When I was a teenager I kept ferrets and to feed them, I would pick up road kill or hunt rabbits or shoot starlings with an air rifle. At fourteen years old, Starlings were scrawny scavengers with no beautiful song, Starlings were ferret food.
I’m forty nine years old now, it’s four days after my birthday, the 29th of December 2014, and half an hour before I leave to go to the church for my Mum’s funeral.
I stand in the kitchen of my sister and her partner, David’s house. Its quiet and I lean over the sink washing a white cereal bowl while looking through the window to a frost covered garden. Suspended by a thread, fastened to an ornate, imitation iron pole, a Starling hangs from a half coconut shell. The bird’s chest is shining black plumes smattered with white flecks. The Starlings chest is an oil slick of green, blue, red, purple and in that puffed chest, the white flecks are stars and planets and satellites that flicker and move in a black solar system and as I place the cereal bowl on the draining rack I’m transported…
The cold, thin air burnt infected lungs. My breathing was laboured. Tim Neill was up front and on occasion I saw his headtorch shine my way. We had left the Refuge Torino at six thirty heading into Cirque Maudit with the intention to climb Fantasia per a Ghiacciatore, an enclosed ice and mixed line I had climbed previously. My lungs sucked and I wondered if this was the same strain of infection that my Mum had caught, the same strain that had killed her? In my mind’s eye, I saw Mum lying on a trolley in a hospital corridor tended by ambulance men. Lesley, my sister had been with her, she said they were in the corridor for three hours before being taken to the intensive care unit. My skis cut the snow and my breathing hurt and in the dark, all around I could see my Mum lying on a trolley in a corridor.
Choughs circled, their wings spread wide to catch the breeze. It was light now and in the distilled red and blue striped horizon were jagged mountains. The holes in the snow at my feet filled with powder. Tim and I geared up, the same as I had geared up a million times before, the same as I had geared up beneath this climb a few years earlier.

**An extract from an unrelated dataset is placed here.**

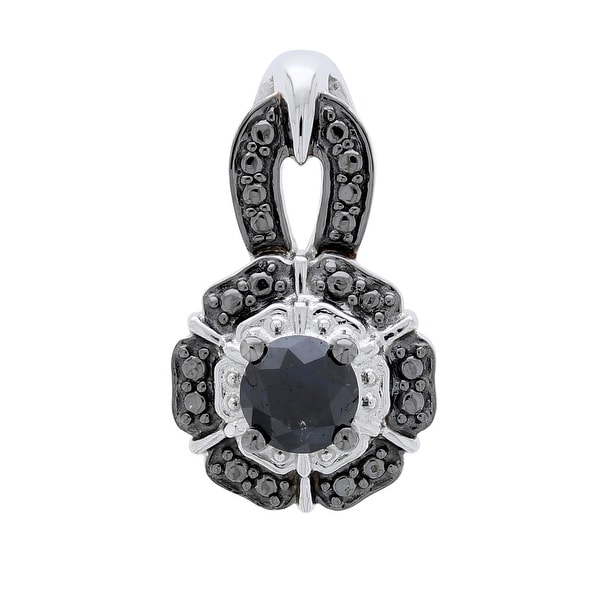 Prism Jewel 0.32Ct Black Diamond with Diamond Effect Solitaite Pendant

Mum was tall and slim with dark Mediterranean features but in that frame was strength and determination. I sat on my rucksack fitting crampons to my orange ski boots and I could see the deep scar in Mum’s leg where as a child I had opened all of the draws of a steel filing cabinet and as it toppled forward, she jumped in-front taking the force of the falling cabinet and supporting it as it pinned her on the floor with me still below until someone came and lifted it from us. SNAP, the crampon locked to the orange boot. Once, arriving home from school I found Mum covered in oil under her blue Hillman Minx changing the starter-motor. It was a time when diesel cars were not popular and an old diesel engine had been fitted to the Hillman and the starter motor was big and heavy, “Pass me that spanner love, I’ll get some tea on in a bit …”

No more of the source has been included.